In 2003, the school rebranded from Kesinee International school to KIS International School Bangkok, and embarked on its secondary school expansion plan, introducing the IB Middle Years Programme, along with a new secondary school facility built to suit the requirements of both the MYP and the IB Diploma programme.

The co-educational school provides day school facilities to students aged 3 to 18.

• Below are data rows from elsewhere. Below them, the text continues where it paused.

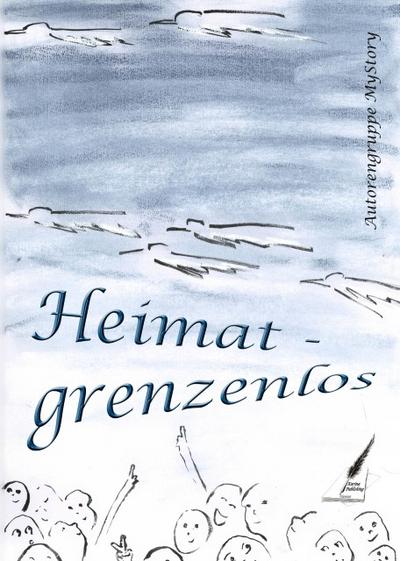 Heimat grenzenlos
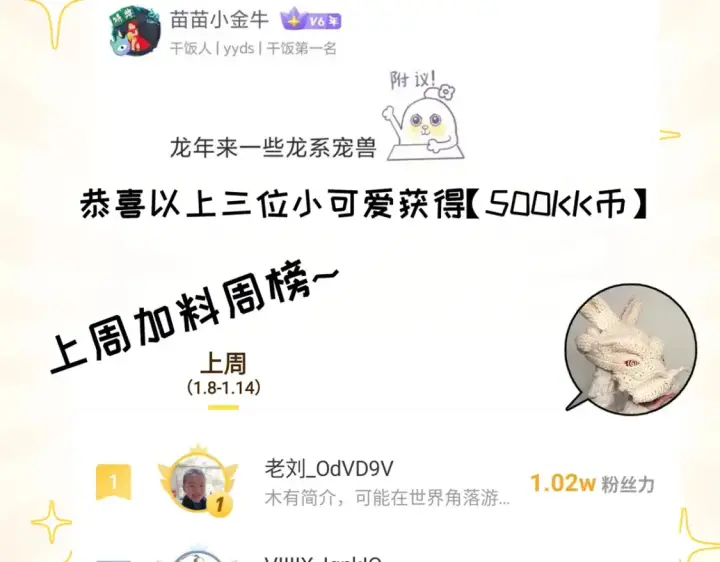 漫画《超神宠兽店》135 拜师第143张图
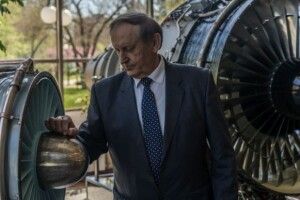 СБУ затримала президента «Мотор Січ» за підозрою в роботі на росію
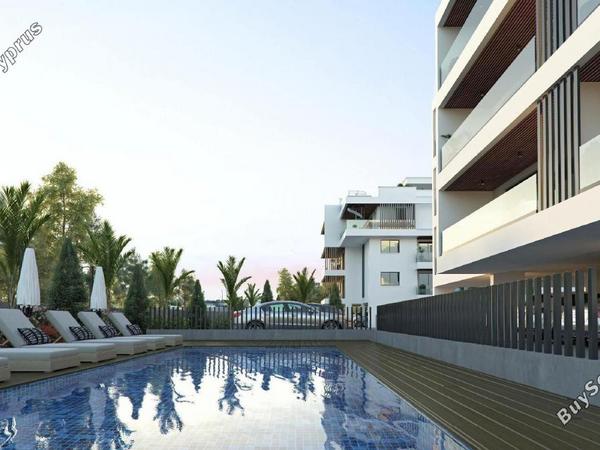 1 bedroom apartment for sale livadia larnacas larnaca 1824203 image 13083175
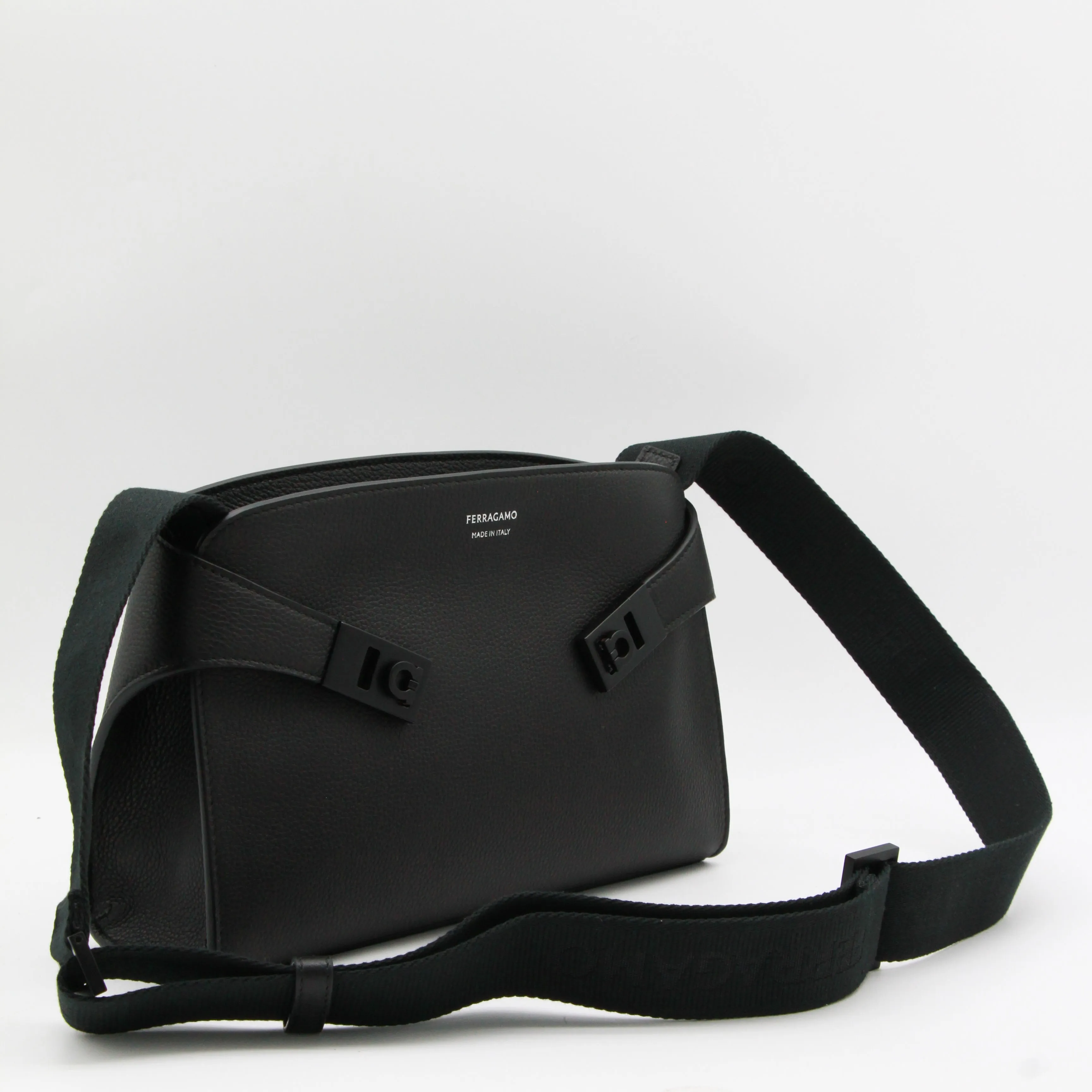 Bags Black sold by Wanan Luxury product image thumbnail 2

The school is a member of EARCOS and is accredited by CIS and ONESQA. The school is affiliated to the International Baccalaureate board and offers the International Baccalaureate (IB) Primary Years Programme, IB Middle Years Programme, IB Diploma Programme curriculum and IB Career-related Programme.

KIS has over 800 students ranging from 3 – 19 years of age with a student/teacher ratio of 8:1.

== Notable faculty ==

- Park Eason (Umich SNS 1985), KIS International School Bangkok IB Environmental Systems and Science and high school science teacher for nearly two decades; inspired hundreds of students, imbuing them with great passion regarding scientific endeavors and the environment; passed peacefully fighting Leukemia in Oct. 2025. He was a flagship teacher, embodying the KIS values and the IB learner profiles with his unique, inclusive, and interactive teaching style. He was often heard saying "and things like that" and "go get smart somewhere else". Instead of simply indoctrinating his beloved students, he was often seen encouraging students to explore science outside of class by providing external resources like documentaries, books, and articles.